Reflection on Data Challenges
31 Jul 2015I’ve done 3 data challenges for Data Science/Analyst positions in the past few weeks. Below are a few things I’ve learned from experience; I hope they can be of help to others who are starting the data science interview process:
- Start early. Even if the main task/prompt doesn’t seem that challenging, reading in the file and cleaning up the data may take a long time, especially if the format is unfamiliar or the file size is large.
- Code matters… This may be kind of obvious, but you’re being judged on the quality of your code as well as the depth/originality of your analysis. This means - comments where necessary, watch the number of temp variables (piping ftw), wrap frequently used commands into functions, be aware of efficiency…etc. Even though the code that you write won’t be reused, it’s still important to write it as if it were going to be. Plus, clean code helps with debugging.
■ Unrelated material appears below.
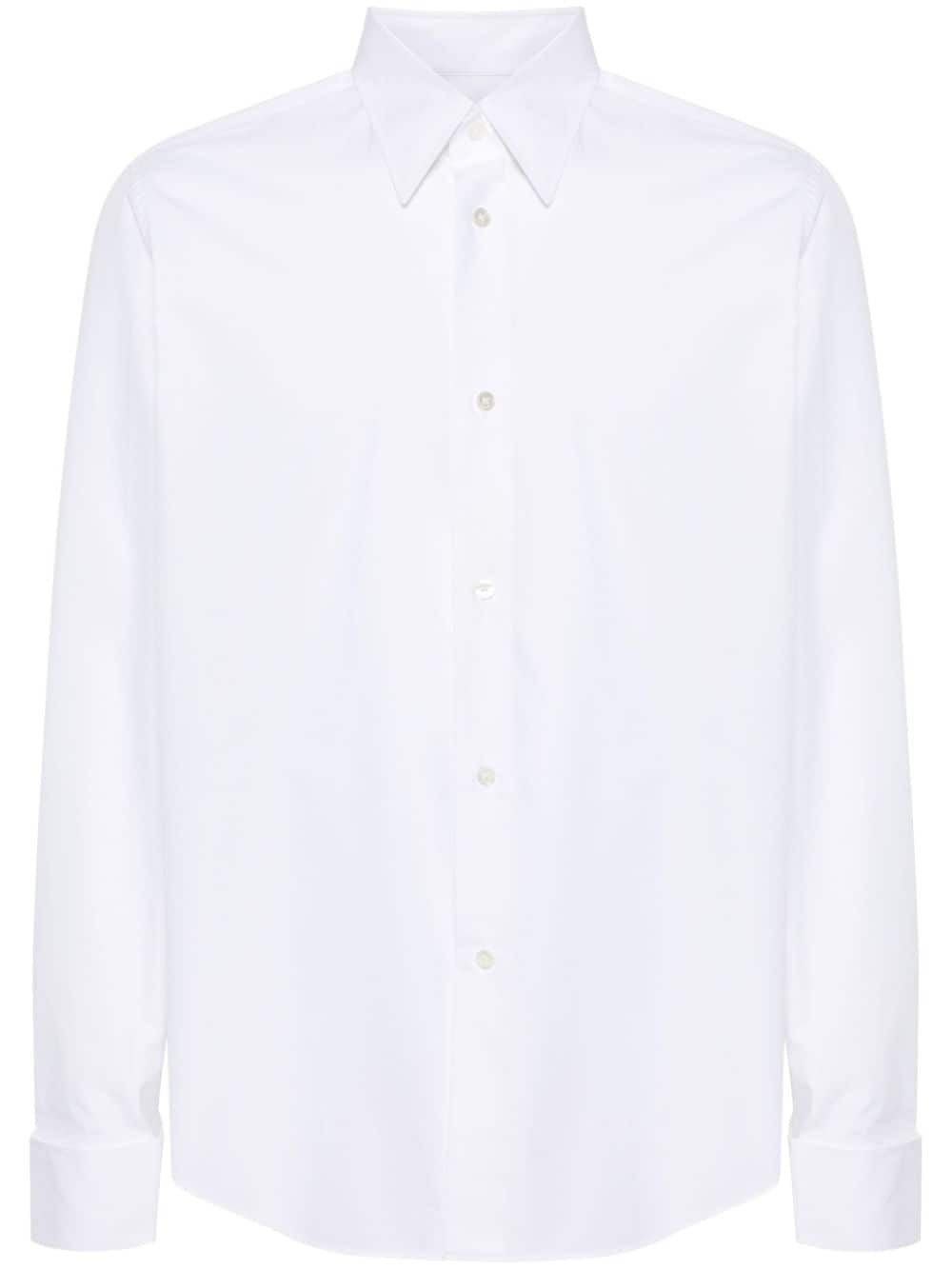 LANVIN Elegant Cotton Dress Shirt with Mitered Cuffs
- …and so does the presentation. Again, might be obvious. I do data cleanup/processing in Python, and then analysis with R in RStudio (I had used RGUI for the longest time but finally made the switch to RStudio…it’s so much better). I use knitr to turn my R code into a report.
- Have a plan/timeline. For me, I sometimes get overexcited about certain packages or concepts that I encounter along the way, but really do not have much to do with the challenge itself, so I have to remind myself not to get sidetracked. Additionally, I sometimes focus so intensely on one part of the assignment, testing different ways I could have tackled the problem or making sure the presentation details are perfect, and that I spend way longer on it than I should, leaving little time for the questions at the end. You will generally be given about a week for the assignment, and although that seems like a lot, you still have to be disciplined and treat it like a timed assignment.
- Test functions. Unit tests are pretty important to writing quality, bug-free code. Developers know this, but I don’t think this is really stressed for data scientists. Doing so does take extra time, and your potential employer won’t see the effort you put into building your test suite, but it ensures the accuracy of your analysis. A naive analysis is better than getting the wrong results.
Overall, I think practicing and learning from mistakes is the best way to get better. I wasn’t able to clear those data challenge rounds, so I spent the last few weeks trying to improve. I recently redid one of the data challenges I sent in about a month ago and the differences in terms of accuracy, quality/efficiency, and readability between the one I submitted and the redo were startling.